INSTRUCTIONS TO FOLLOW: Copy nothing but the text: repeat each entry exactly and drop the images.

(Captioned web images)
=== Section Start ===

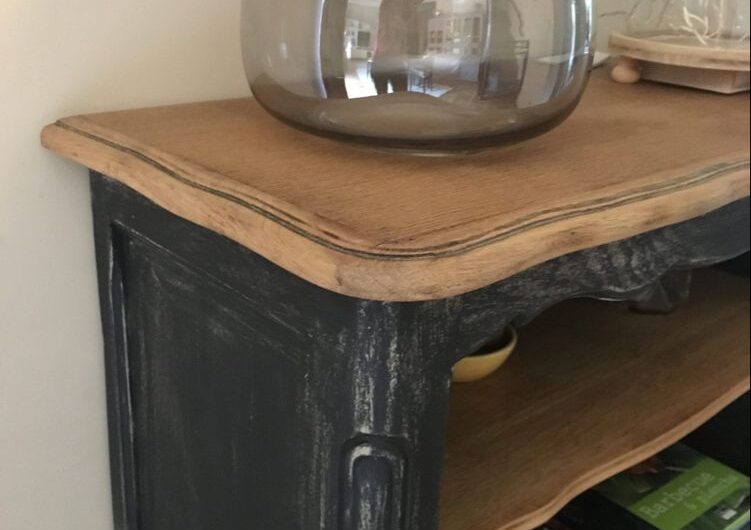 Relooker un meuble en noir et bois : astuces et inspirations tendance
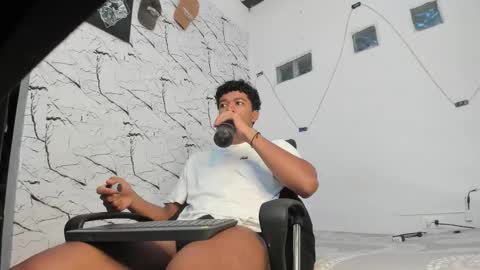 Snapshot of jay_aalvarez chatting on 02-08-26, 11:13 Jay online show from 02-08-26, 11:13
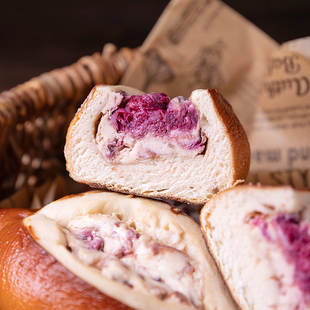 玫瑰蔓越莓奶酪碱水包香拽了网红碱水球面包零食代餐饱腹下午茶点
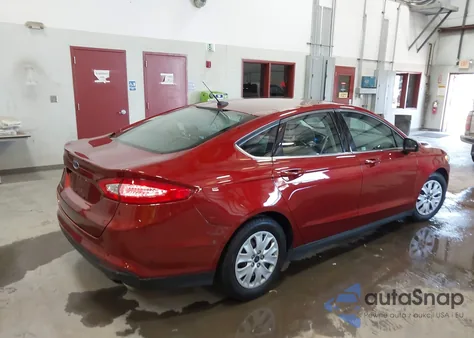 2014 Ford Fusion S z USA, uszkodzony, nr VIN 3FA6P0G7XER337166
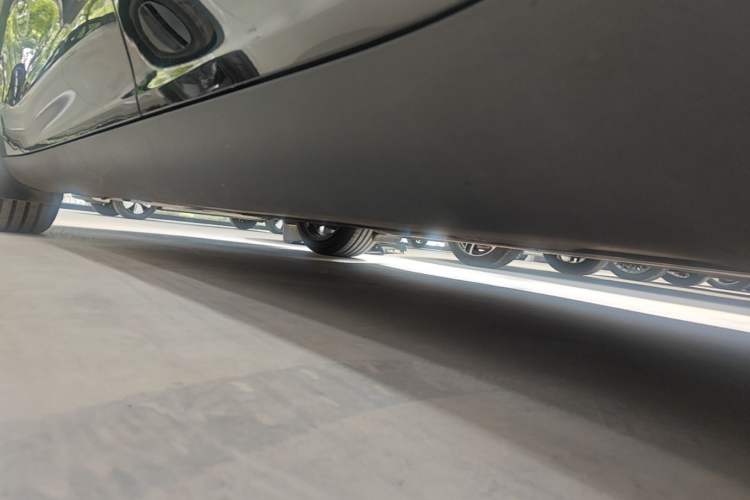 Used Tesla Model Y 2023 Rear-Wheel-Drive Version Left Side Sill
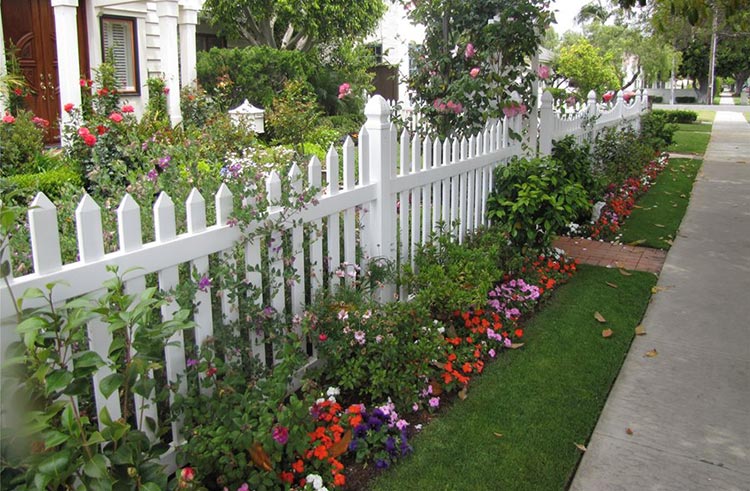 How To Do Fence Landscaping
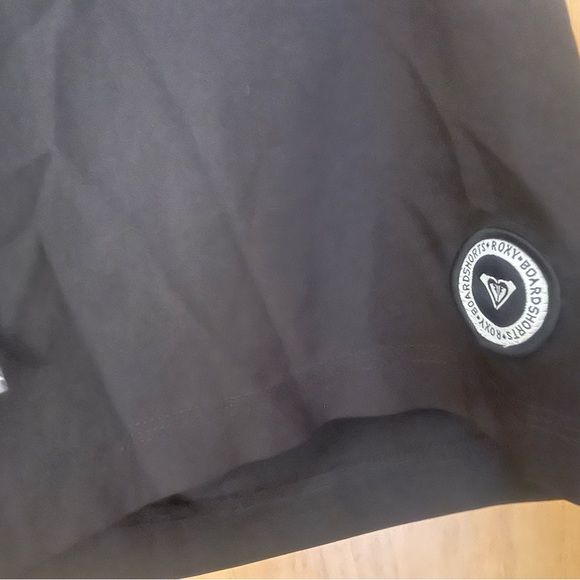 Ladies Roxy board/surf shorts - Picture 5 of 5
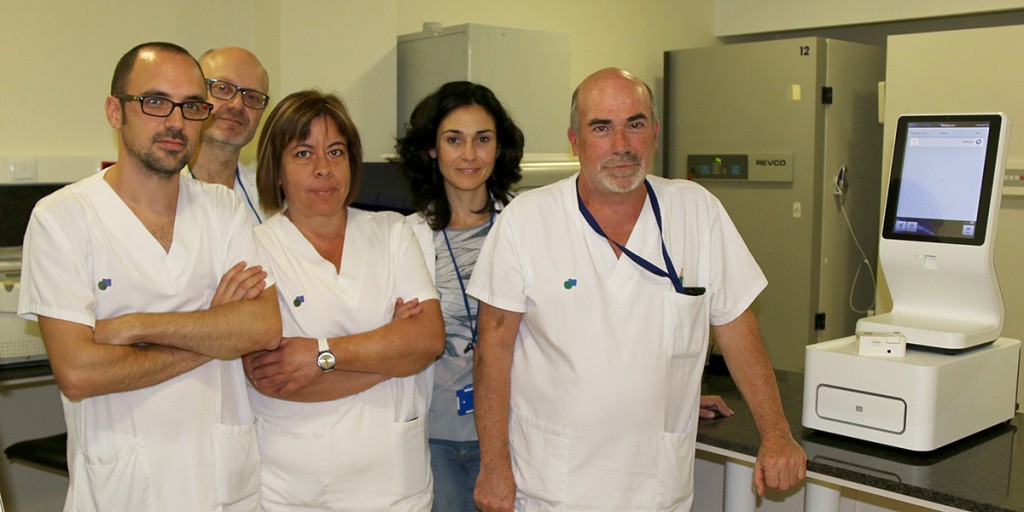 Equip de professionals del Servei de Patologia davant de l'equip Idylla de Biocartis.
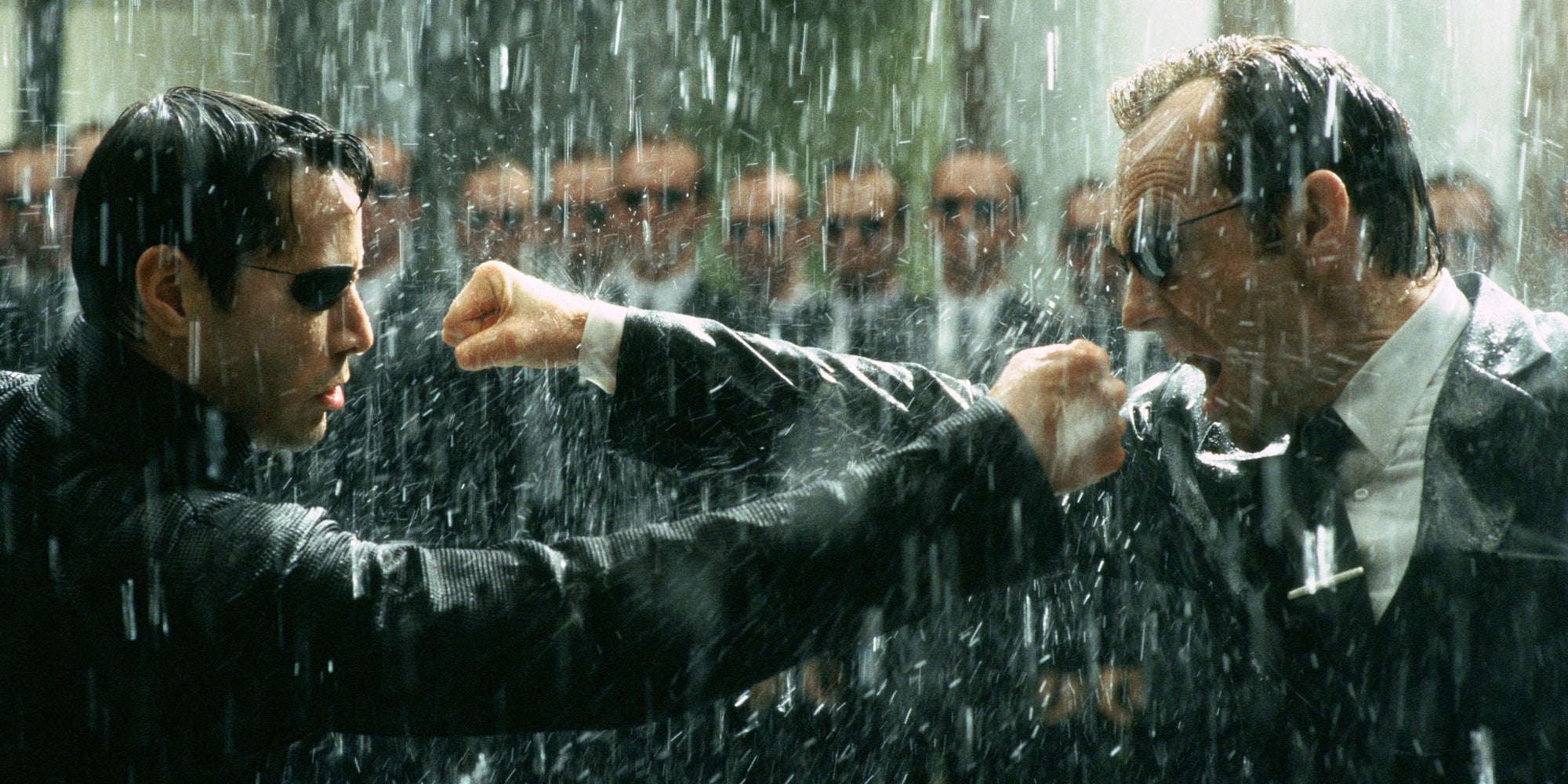 Keanu Reeves, aka Neo, et Hugo Weaving, alias l'Agent Smith, en pleine scène d'action d'anthologie dans "Matrix Revolutions".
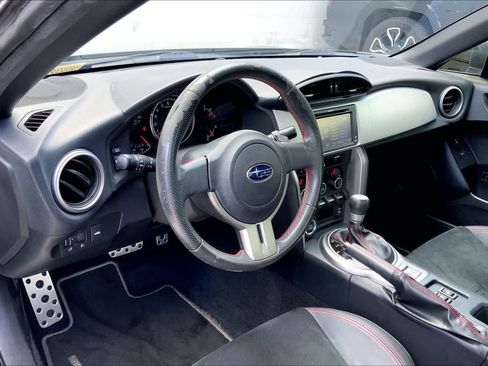 Used 2014 Subaru BRZ Limited RWD image 2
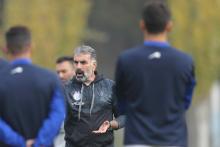 استقلال فکری هر هشت روز، یک بحران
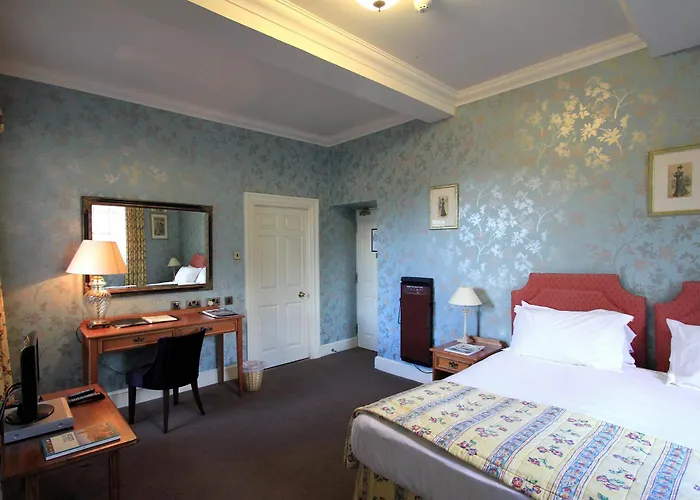 Hazlewood Castle & 4*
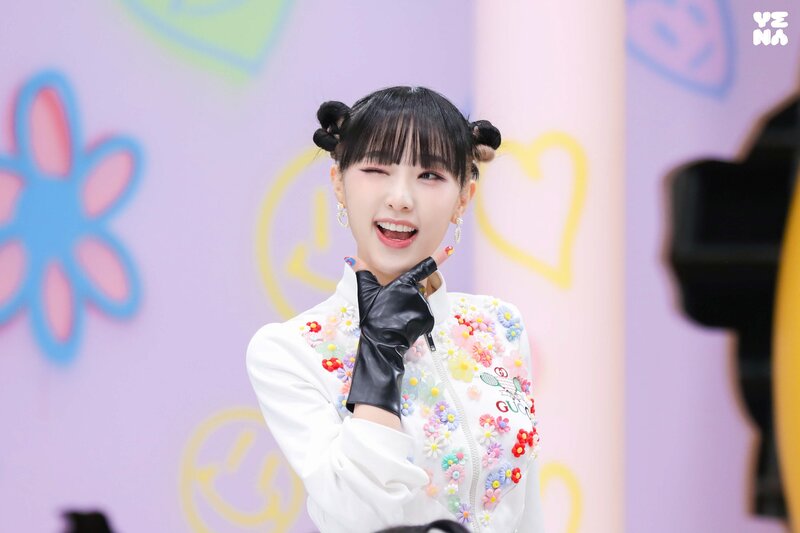 220209 Yuehua Naver Post - Yena 'SMILEY' Performance Video Behind documents 7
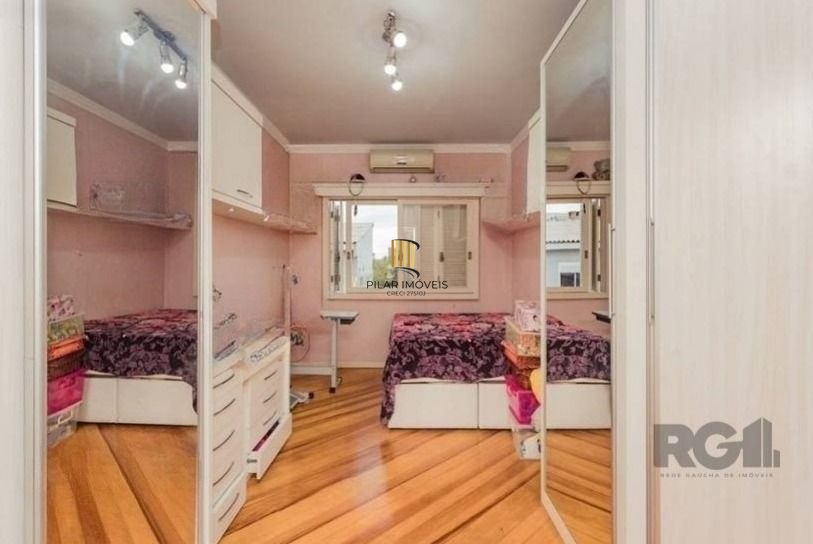 Casa com 4 suítes no Bairro Jardim Itu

=== Section End ===

TASK RESPONSE:
 Relooker un meuble en noir et bois : astuces et inspirations tendance
 Snapshot of jay_aalvarez chatting on 02-08-26, 11:13 Jay online show from 02-08-26, 11:13
 玫瑰蔓越莓奶酪碱水包香拽了网红碱水球面包零食代餐饱腹下午茶点
 2014 Ford Fusion S z USA, uszkodzony, nr VIN 3FA6P0G7XER337166
 Used Tesla Model Y 2023 Rear-Wheel-Drive Version Left Side Sill
 How To Do Fence Landscaping
 Ladies Roxy board/surf shorts - Picture 5 of 5
 Equip de professionals del Servei de Patologia davant de l'equip Idylla de Biocartis.
 Keanu Reeves, aka Neo, et Hugo Weaving, alias l'Agent Smith, en pleine scène d'action d'anthologie dans "Matrix Revolutions".
 Used 2014 Subaru BRZ Limited RWD image 2
 استقلال فکری هر هشت روز، یک بحران
 Hazlewood Castle & 4*
 220209 Yuehua Naver Post - Yena 'SMILEY' Performance Video Behind documents 7
 Casa com 4 suítes no Bairro Jardim Itu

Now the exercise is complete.